AUSTIN, Texas (AP) — The future of the struggling U.S. Grand Prix was thrown into further doubt Wednesday when the 2016 Formula One calendar listed the race as "subject to agreement" with the promoter. Officials at the Circuit of the Americas have said they are financially strapped after storms wiped out much of the 2015 race weekend and by news the Texas governor's office is cutting public funding by about 20 percent.
AUSTIN, Texas (AP) — The future of the struggling U.S. Grand Prix was thrown into further doubt Wednesday when the 2016 Formula One calendar listed the race as "subject to agreement" with the promoter.
Officials at the Circuit of the Americas have said they are financially strapped after storms wiped out much of the 2015 race weekend and by news the Texas governor's office is cutting public funding by about 20 percent.

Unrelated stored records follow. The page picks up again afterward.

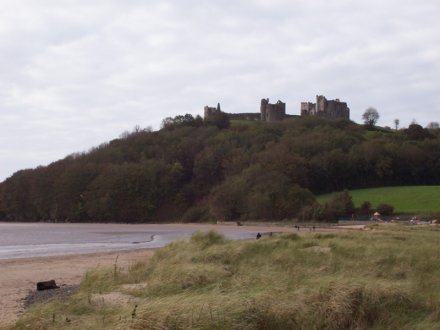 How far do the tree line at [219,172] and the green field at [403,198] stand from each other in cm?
591

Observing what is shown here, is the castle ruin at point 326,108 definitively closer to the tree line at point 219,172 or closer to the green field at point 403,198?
the tree line at point 219,172

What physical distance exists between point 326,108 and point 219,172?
6297 cm

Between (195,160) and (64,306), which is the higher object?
(195,160)

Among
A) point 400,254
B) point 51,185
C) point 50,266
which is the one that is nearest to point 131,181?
point 51,185

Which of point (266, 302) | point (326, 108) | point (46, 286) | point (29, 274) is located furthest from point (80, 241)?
point (326, 108)

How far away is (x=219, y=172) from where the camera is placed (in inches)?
4412

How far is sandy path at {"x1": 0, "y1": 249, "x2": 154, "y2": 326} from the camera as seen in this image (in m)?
12.7

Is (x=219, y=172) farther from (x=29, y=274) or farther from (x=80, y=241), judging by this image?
(x=29, y=274)

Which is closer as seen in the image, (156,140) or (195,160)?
(195,160)

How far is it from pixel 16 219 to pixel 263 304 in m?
129

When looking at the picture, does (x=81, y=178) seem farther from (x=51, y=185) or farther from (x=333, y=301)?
(x=333, y=301)

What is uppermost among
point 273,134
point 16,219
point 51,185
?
point 273,134

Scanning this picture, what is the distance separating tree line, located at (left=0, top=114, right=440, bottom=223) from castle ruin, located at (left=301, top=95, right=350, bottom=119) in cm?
2068

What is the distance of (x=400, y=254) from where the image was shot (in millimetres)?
13625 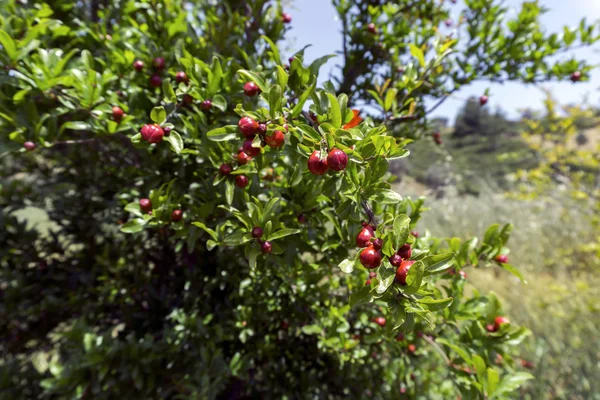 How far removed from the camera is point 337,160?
0.77 m

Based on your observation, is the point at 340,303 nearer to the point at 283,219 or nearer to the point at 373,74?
the point at 283,219

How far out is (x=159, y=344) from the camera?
1.61m

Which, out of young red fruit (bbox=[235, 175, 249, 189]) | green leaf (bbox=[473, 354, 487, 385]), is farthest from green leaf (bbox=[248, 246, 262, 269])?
green leaf (bbox=[473, 354, 487, 385])

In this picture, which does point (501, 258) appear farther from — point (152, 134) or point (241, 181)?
point (152, 134)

The 2016 race calendar released by the FIA's World Motor Sport Council still has the race scheduled for Oct. 23 but with an asterisk.
"The USA's slot remains provisional," the FIA said.

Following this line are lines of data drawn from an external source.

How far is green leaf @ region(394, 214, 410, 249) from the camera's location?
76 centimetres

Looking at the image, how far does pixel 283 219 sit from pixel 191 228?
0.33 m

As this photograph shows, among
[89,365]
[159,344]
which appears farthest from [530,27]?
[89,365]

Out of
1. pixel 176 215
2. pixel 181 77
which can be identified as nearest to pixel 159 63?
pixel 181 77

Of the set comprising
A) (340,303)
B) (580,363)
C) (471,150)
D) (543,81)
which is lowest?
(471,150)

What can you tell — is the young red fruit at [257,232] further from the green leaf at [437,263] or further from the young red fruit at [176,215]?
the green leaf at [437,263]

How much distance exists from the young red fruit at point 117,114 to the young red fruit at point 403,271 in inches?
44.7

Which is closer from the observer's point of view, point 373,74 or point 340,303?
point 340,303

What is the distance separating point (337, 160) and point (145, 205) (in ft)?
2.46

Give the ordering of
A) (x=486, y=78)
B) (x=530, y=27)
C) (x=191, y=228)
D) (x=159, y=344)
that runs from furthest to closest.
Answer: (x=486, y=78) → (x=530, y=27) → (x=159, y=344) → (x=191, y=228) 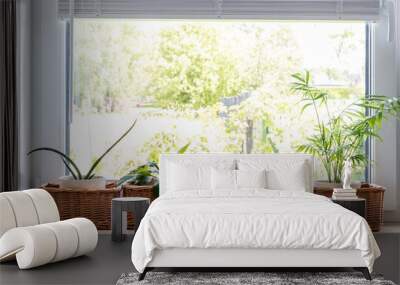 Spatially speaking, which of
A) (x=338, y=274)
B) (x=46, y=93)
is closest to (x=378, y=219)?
(x=338, y=274)

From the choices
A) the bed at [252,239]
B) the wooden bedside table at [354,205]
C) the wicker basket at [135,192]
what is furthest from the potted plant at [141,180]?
the bed at [252,239]

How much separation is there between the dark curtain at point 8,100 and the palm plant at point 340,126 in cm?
308

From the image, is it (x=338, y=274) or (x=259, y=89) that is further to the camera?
(x=259, y=89)

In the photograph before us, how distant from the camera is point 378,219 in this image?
7613 millimetres

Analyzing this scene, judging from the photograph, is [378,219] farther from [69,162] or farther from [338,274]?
[69,162]

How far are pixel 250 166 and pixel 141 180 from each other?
1308 millimetres

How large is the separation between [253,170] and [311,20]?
222 cm

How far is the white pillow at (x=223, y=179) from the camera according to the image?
6.75 m

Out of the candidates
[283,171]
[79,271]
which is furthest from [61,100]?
[79,271]

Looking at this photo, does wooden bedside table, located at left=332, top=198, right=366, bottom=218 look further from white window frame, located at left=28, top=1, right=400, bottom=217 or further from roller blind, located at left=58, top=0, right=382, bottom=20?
roller blind, located at left=58, top=0, right=382, bottom=20

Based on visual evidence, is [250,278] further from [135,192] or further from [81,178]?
[81,178]

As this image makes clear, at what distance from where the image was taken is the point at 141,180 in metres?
7.68

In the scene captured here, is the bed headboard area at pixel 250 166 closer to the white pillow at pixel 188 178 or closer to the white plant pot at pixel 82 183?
the white pillow at pixel 188 178

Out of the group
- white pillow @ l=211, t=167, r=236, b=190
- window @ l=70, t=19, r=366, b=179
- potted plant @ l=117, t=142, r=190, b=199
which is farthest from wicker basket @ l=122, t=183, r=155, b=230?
white pillow @ l=211, t=167, r=236, b=190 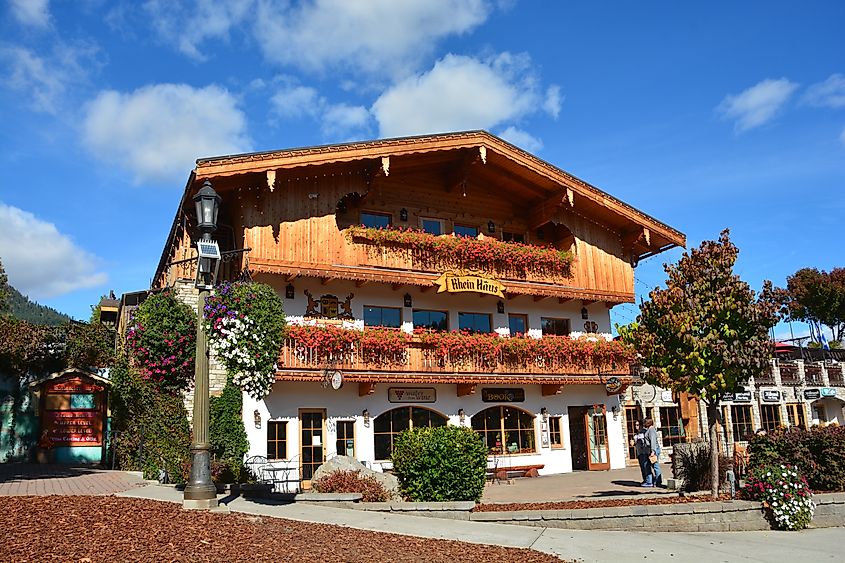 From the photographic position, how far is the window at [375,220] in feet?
72.4

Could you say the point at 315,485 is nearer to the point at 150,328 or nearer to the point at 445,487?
the point at 445,487

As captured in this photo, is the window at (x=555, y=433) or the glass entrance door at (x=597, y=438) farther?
the glass entrance door at (x=597, y=438)

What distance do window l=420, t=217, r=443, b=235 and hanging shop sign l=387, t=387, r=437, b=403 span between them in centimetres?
535

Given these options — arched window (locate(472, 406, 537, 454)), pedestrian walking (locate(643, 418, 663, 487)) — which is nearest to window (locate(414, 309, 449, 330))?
arched window (locate(472, 406, 537, 454))

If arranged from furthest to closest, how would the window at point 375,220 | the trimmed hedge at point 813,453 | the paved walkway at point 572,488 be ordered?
1. the window at point 375,220
2. the paved walkway at point 572,488
3. the trimmed hedge at point 813,453

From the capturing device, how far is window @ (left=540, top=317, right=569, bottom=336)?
80.4 ft

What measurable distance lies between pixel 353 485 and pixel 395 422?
757 centimetres

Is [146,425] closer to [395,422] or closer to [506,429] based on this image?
[395,422]

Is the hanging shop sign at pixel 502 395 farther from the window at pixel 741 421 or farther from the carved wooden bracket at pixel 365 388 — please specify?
the window at pixel 741 421

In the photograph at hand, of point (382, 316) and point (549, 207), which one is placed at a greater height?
point (549, 207)

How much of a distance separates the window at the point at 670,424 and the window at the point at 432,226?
11340 millimetres

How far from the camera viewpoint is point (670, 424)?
26734 mm

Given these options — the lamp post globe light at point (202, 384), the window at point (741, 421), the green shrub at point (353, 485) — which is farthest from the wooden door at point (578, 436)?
the lamp post globe light at point (202, 384)

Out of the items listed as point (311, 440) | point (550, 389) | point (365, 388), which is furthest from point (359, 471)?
point (550, 389)
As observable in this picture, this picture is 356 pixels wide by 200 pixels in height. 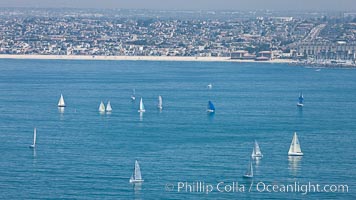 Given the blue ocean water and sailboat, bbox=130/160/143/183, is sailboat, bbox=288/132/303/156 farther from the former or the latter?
sailboat, bbox=130/160/143/183

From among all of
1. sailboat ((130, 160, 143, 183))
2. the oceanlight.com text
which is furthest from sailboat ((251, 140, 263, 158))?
sailboat ((130, 160, 143, 183))

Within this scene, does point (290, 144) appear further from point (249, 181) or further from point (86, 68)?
point (86, 68)

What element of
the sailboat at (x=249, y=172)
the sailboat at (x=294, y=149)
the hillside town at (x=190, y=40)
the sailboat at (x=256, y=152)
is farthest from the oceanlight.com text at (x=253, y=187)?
the hillside town at (x=190, y=40)

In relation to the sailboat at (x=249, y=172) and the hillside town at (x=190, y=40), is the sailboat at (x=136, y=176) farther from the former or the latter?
the hillside town at (x=190, y=40)

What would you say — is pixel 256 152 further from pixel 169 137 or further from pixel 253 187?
pixel 169 137

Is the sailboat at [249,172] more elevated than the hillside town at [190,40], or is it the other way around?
the hillside town at [190,40]

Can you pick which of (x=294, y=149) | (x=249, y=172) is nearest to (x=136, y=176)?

Track officials did not immediately respond to a request for comment.
Other items of note from the FIA:
— FIA President Jean Todt and Formula One commercial chief Bernie Ecclestone were given a "mandate to make recommendations and decisions regarding a number of pressing issues." Formula One has grappled with complaints over the sport's governance, engines, and rising costs of racing. The FIA statement said Todt and Ecclestone plan to present "conclusions" by Jan. 31.
— If the U.S. Grand Prix is held, the 2016 calendar will have a record 21 races, including a return to Germany at Hockenheim and the addition of the European Grand Prix in Azerbaijan. The previous high was 20 races in 2012.

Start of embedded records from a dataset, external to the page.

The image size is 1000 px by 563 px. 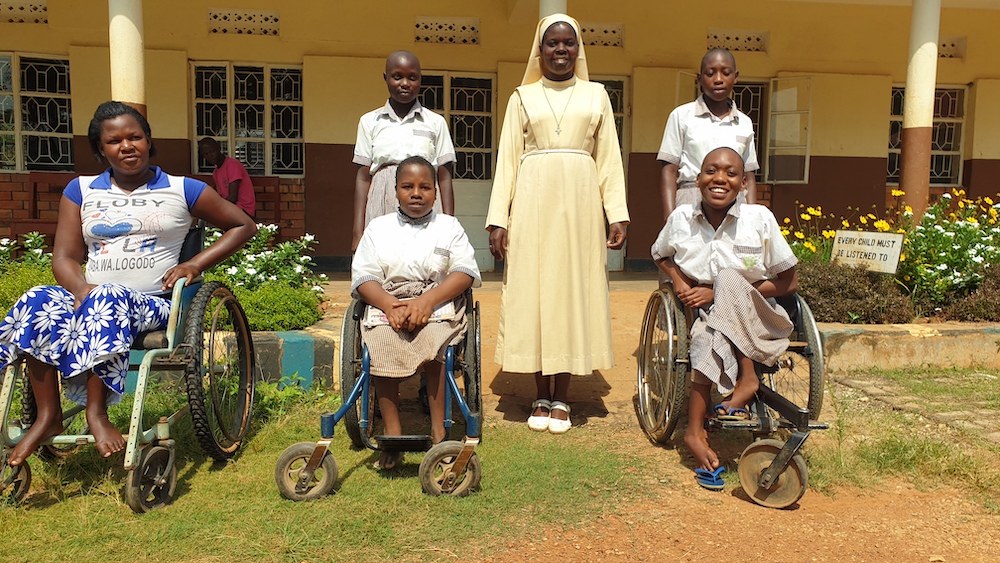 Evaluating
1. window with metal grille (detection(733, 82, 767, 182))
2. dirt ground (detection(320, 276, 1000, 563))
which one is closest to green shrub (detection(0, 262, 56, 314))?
dirt ground (detection(320, 276, 1000, 563))

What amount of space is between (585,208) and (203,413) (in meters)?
1.88

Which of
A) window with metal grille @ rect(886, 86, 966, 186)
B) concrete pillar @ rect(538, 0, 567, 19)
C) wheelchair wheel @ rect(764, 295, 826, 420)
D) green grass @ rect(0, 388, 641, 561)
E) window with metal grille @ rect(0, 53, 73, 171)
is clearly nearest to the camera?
green grass @ rect(0, 388, 641, 561)

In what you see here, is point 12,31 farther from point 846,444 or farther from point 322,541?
point 846,444

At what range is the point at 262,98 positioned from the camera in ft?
27.0

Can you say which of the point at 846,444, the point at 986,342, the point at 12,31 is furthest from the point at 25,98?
the point at 986,342

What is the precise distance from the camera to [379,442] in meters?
2.82

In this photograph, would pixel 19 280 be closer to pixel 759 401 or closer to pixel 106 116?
pixel 106 116

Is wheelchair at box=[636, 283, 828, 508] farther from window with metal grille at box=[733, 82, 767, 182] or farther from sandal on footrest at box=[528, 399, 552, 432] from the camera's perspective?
window with metal grille at box=[733, 82, 767, 182]

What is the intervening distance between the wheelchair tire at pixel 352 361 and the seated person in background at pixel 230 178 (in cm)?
495

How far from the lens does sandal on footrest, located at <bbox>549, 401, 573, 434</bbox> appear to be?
3.57 m

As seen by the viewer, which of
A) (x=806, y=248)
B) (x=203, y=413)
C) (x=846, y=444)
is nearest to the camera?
(x=203, y=413)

The U.S. Grand Prix has been considered a major opportunity for Formula One to surge into a largely untapped market.
The $300 million track was built to host the race, which has run in Austin since 2012. Mercedes driver Lewis Hamilton has won three times, including this year to clinch this third Formula One championship.
The private investors who built the track, including hedge fund manager Bobby Epstein and billionaire businessman Red McCombs, said they were promised significant help from the state to pay for the commercial rights to hold the race over a 10-year deal. Under an agreement reached with former Gov. Rick Perry and former Comptroller Susan Combs, Texas gave $25 million from the state's Major Events Trust fund in the first year.
Promoters said they were counting on that money every year. But a 2010 letter from Perry and Combs to Ecclestone notes the state portion could be less than $25 million for the rest of the contract. The letter says that if tax revenues fall short, promoters must make up the difference.
But tickets sales have dipped every year since its debut, and Mexican fans who came to the U.S. race by the thousands the first three years now have a race in their home country.
Texas Gov. Greg Abbott's office told track officials they will get about $19.5 million from the state for the next race because the formula used to award grants were changed to make them more restrictive.
Combined with local tax revenue, race officials will still get about $23 million in public funds. An Abbott spokeswoman said the numbers were not expected to change, but declined comment on the future of the race.
Austin Mayor Steve Adler has called the race an important event for the Texas capital. But he also has told track officials they can't look to the city for a "bailout."
"There is no change in my position, and promoters have not asked us for financial help," Adler said.
Track officials have said the event has pumped "hundreds of millions" of dollars into the Austin and Texas economies since 2012 and applied for state funding under the same formula as Super Bowls, NCAA basketball tournaments and other events.